Berlinale Talents 2020 apuesta por la "creatividad colectiva"
- La principal iniciativa de la Berlinale dará la bienvenida a 255 talentos de 86 países para fomentar la colaboración colectiva y promover aún más la creatividad
Este artículo está disponible en inglés.
At its 18th edition, Berlinale Talents will aim to explore the boundaries of being collectively creative. The leading summit and networking platform is inviting 255 emerging film professionals – 125 women, 123 men and six that don’t specify their gender – to discover what they have in common and to confirm that “each individual is a highlight, and a collective of many is unstoppable”.
Unspooling during the 70th Berlin Film Festival, from 22-27 February 2020, Berlinale Talents will host professionals from 86 countries (see the full list of all selected participants here), who will bring their projects along for further development, and discuss and network at the biggest Talents event of the year.
Carlo Chatrian, the Berlinale’s artistic director, and Mariette Rissenbeek, the gathering's executive director, welcome the Talents with open arms: “At the Berlinale, we care about films as much as we do about the collective processes that shape these stories. Our lasting relationships with those behind and in front of the camera are what we wish to express and nurture with Berlinale Talents.”
The 255 Talents encompass a wide variety of professionals – more precisely, 113 directors, 50 producers, 15 actors, two screenwriters, 16 cinematographers, 14 editors, 12 set designers, nine sales agents, seven score composers, nine sound designers and eight film critics - along with 40 film projects in development. They will receive the necessary mentoring support from the Project Labs and constitute a highly dynamic group in order to justify this year’s topic. “Collectives” are becoming more commonplace in many aspects of life, and this can be seen in examples of activism, such as the Experimental Film Society in Tehran or the founders of the Brazilian Collective of Female Cinematographers. Apart from the cultural importance of these and other initiatives, they also aim to have a social impact and enable lasting change.

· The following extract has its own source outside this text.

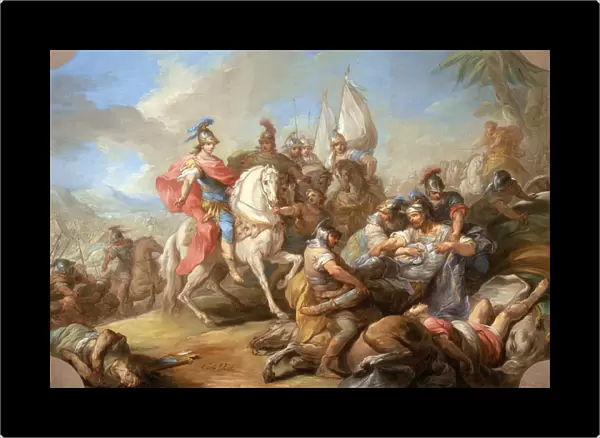 The Victory of Alexander over Porus, c. 1738 (oil on canvas)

Some of the selected talents are more active collectively, such as Kosovar-born, Swiss-based director Fisnik Maxhuni, who focuses more on a “New European Cinema” that has its own film language, which emerges through an exploration of the similarities between countries, rather than the differences between them. Also, Azeri director Maria Ibrahimova is the founder of the “Women in Motion” project, which intends to help women in Azerbaijan to kick-start their filmmaking careers, and Peruvian editor Alex Cruz works with the HDPERU production company, which focuses on films that protect the rights of indigenous groups and the environment.
Finally, Berlinale Talents, which can boast nearly 8,500 alumni to date, champions sustainable promotion and has announced the renewal of its partnership with ARRI for the next three years. The company will support the initiative with light and camera systems, as well as experts to guide the Talents at the Camera Studio. As Markus Zeiler, a member of ARRI’s executive board, underlines: “The increasing volume of film and series productions poses great challenges to training talents in the cinematography and lighting sectors. With Berlinale Talents, we can build an outstanding basis, since this is where talent development is put into practice to create sustainable success.”
The full programme for Berlinale Talents will be available on 11 February 2020.